%%
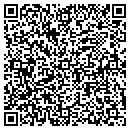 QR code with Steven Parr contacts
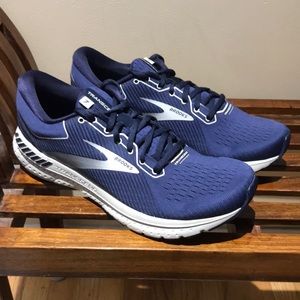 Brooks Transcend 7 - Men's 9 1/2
%%
%%
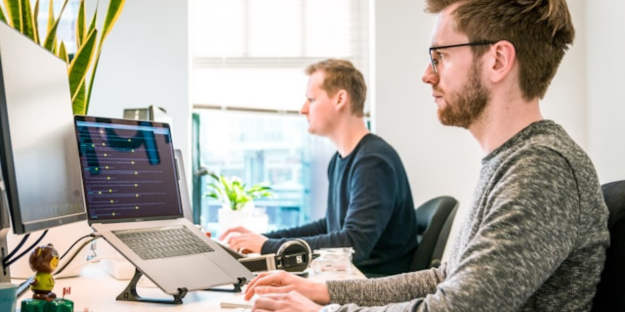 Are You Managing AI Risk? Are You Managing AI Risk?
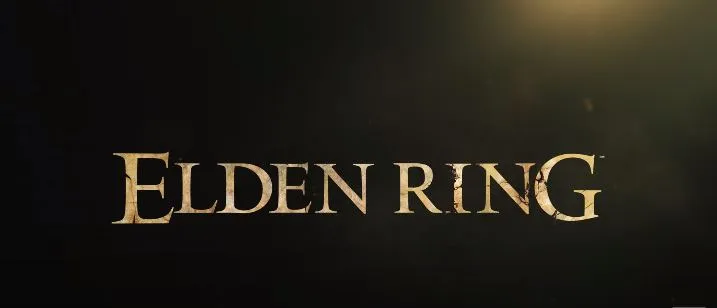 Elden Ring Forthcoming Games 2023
%%
* Requirement: Working from the data above, repeat exactly, and only, the lines that begin at the line containing "QR code with Steven Parr contacts" and stop after the line containing "Brooks Transcend 7 - Men's 9 1/2"; pictures are not copied.

* Task solution:
 QR code with Steven Parr contacts
 Brooks Transcend 7 - Men's 9 1/2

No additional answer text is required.